Desde esa vez se acostumbró a vivir en
semitinieblas y aunque por dentro sufría, siempre demostró alegría a sus
padres. Desarrolló su capacidad auditiva y táctil, de manera que le ayudaba en
los trabajos del campo a su padre y jugaba fútbol con sus amigos del rancho.
Muchos años después, con el deseo de
salir adelante, regresó a Tuxtla Gutiérrez y aprendió a leer en braille, se
integró a una Asociación de ciegos y débiles visuales, en donde encontró a
personas que también sobrevivían en ese mundo.
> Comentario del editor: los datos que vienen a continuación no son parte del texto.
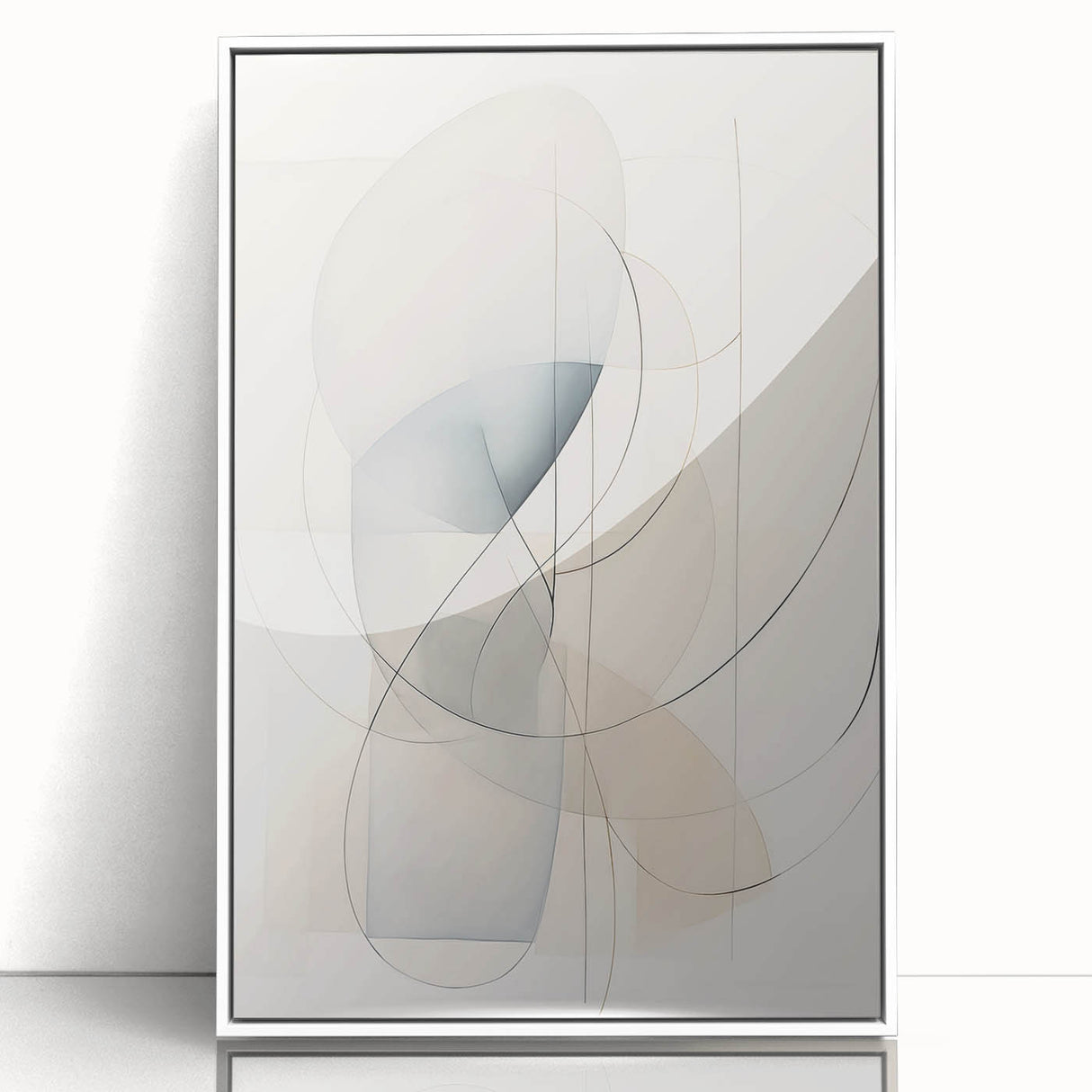 Abstract minimalist wall art piece featuring a framed acrylic design, showcasing geometric shapes in muted tones of white and gray, perfect for modern decor.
Comenzó a trabajar de maestro de
braille en el Centro Cultural Jaime Sabines desde hace 14 años y en este lapso
logró terminar la carrera en Educación Especial, mientras que en sus ratos
libres practicaba atletismo.
Como débil visual, dice, le ocurre a
uno accidentes como caminar en cemento fresco de una banqueta, chocar con
cristales sumamente transparentes o como la vez pasada que trepé sobre un
montón de escombro en una calle.
―Cuando me vine a dar cuenta estaba yo
en la parte más alta del montículo y me imaginé que la gente se reía al ver a
un adulto sobre el escombro como si fuese un niño ―. Ríe.
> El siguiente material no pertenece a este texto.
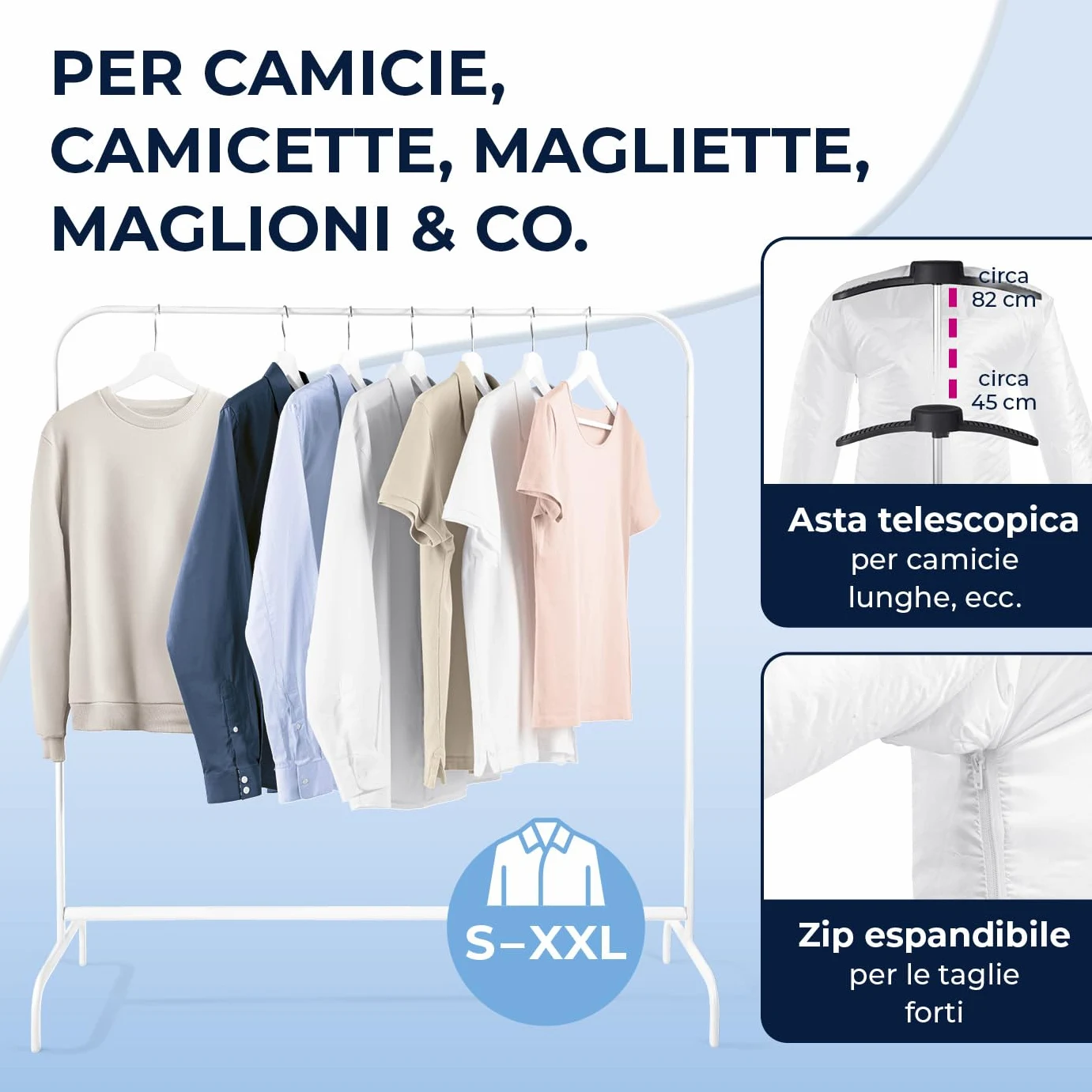 CLEANmaxx Ferro da stiro automatico per camicie PRO | Sostituisce il ferro da stiro, l'asse da stiro e la vaporiera | Ferro da stiro con manichino per camicie e bluse | Innovativo ed efficiente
Se ha aprendido con mucha exactitud la
ruta de su casa al trabajo y viceversa, que por las mañanas toma el colectivo y
camina por el centro.
Sólo una ruta de colectivo pasa cerca
de su casa y su oído sabe cuando la unidad va de ida o de vuelta. En el centro
apenas ve las siluetas de coches detenidos para que pueda cruzar una calle. En
las noches se guía por las lámparas de las avenidas y por las luces de los
autos.
Cuando sus compañeros de trabajo
ingresan a su cubículo, levanta el cuello y reconoce la voz inmediatamente.
Sólo alcanza a ver las letras grandes de su teléfono celular a una distancia de
10 centímetros, aunque más utiliza la aplicación de voz para saber la hora, los
mensajes y las llamadas.
Arturo Esquinca Zarate, de 50 años,
vive felizmente con su esposa y su hija de año y medio de edad. Desconoce si su
padecimiento se hereda, sin embargo, "si mi hija llega a padecer lo mismo,
aquí tiene a su maestro", dice sonriente.
Sus padres ya no están en este mundo,
pero si estuvieran les diría nuevamente cuanto los quiere y le agradecería lo
mucho que lucharon por él, puntualiza don Arturo, el quinto de nueve hermanos.